You are viewing a plain text version of this content. The canonical link for it is here.
Posted to user@hbase.apache.org by Shahab Yunus <sh...@gmail.com> on 2014/11/18 06:22:50 UTC

Hierarchy of filters and filters list

Hi,

I have data where each row has start and end time stored in UTC (long). The
table is created through Phoenix and the columns have type UNSIGNED_DATE
(which according to Phoenix docs
<http://phoenix.apache.org/language/datatypes.html#unsigned_date_type> does
Hbase.toBytes(long) underneath for 8 bye long). I am storing data in this
table using regular Bytes.toBytes from HBase api as well.
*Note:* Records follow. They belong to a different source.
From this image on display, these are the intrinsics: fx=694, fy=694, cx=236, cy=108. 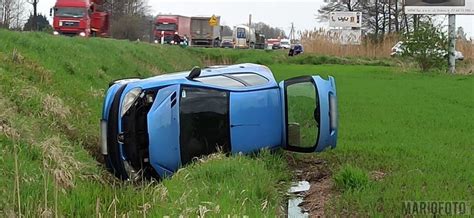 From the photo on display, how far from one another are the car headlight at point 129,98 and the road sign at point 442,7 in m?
29.6

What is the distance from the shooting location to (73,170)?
7.20 meters

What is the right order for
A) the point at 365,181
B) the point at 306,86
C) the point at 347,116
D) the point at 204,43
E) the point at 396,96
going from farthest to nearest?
1. the point at 204,43
2. the point at 396,96
3. the point at 347,116
4. the point at 306,86
5. the point at 365,181

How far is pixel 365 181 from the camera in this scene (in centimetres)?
678

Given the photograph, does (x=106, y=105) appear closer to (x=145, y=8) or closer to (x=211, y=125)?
(x=211, y=125)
Now I want to query data given a time range, and get all rows lying within
or overlapping the search range. Pretty standard scenario.

For this I create a set of filtersList. A hierarchy of filtersList and
filters in fact.

If search criteria timerange  is denoted by *sd* and *ed*

And each row's date columns are denoted as *s* and *e* (signifying start
and end datetimes.)

These 4 filterLists are created as per logic given below....

filterListLeft (must past all)= This further contains 2 filters= (sd<= s
and ed>=s)

filterListRight (must past all)=This further contains 2 filters= (sd<= e
and ed>=e)

filterListOverlap (must past all)=This further contains 2 filters= (sd<= s
and ed>=e)

filterListWiithin (must past all)= This further contains 2 filters= (sd>= s
and ed<=e)


Then I add these 4 filterLists into another filterList and that must past
one. I realize that some records might satisfy more than one filter above.
But that is OK.

parentFilterList = new FilterList(must past one)
parentFilterList.addFilter(filterListLeft):
parentFilterList.addFilter(filterListRight):
parentFilterList.addFilter(filterListOverlap):
parentFilterList.addFilter(filterListWithin):

Note all filters have setFilterIfMissing = true.

Then I pass parentFilterList.addFilter to the scanner.

So it is like= (A and B) or (B and C) or (D and E) or (F and G)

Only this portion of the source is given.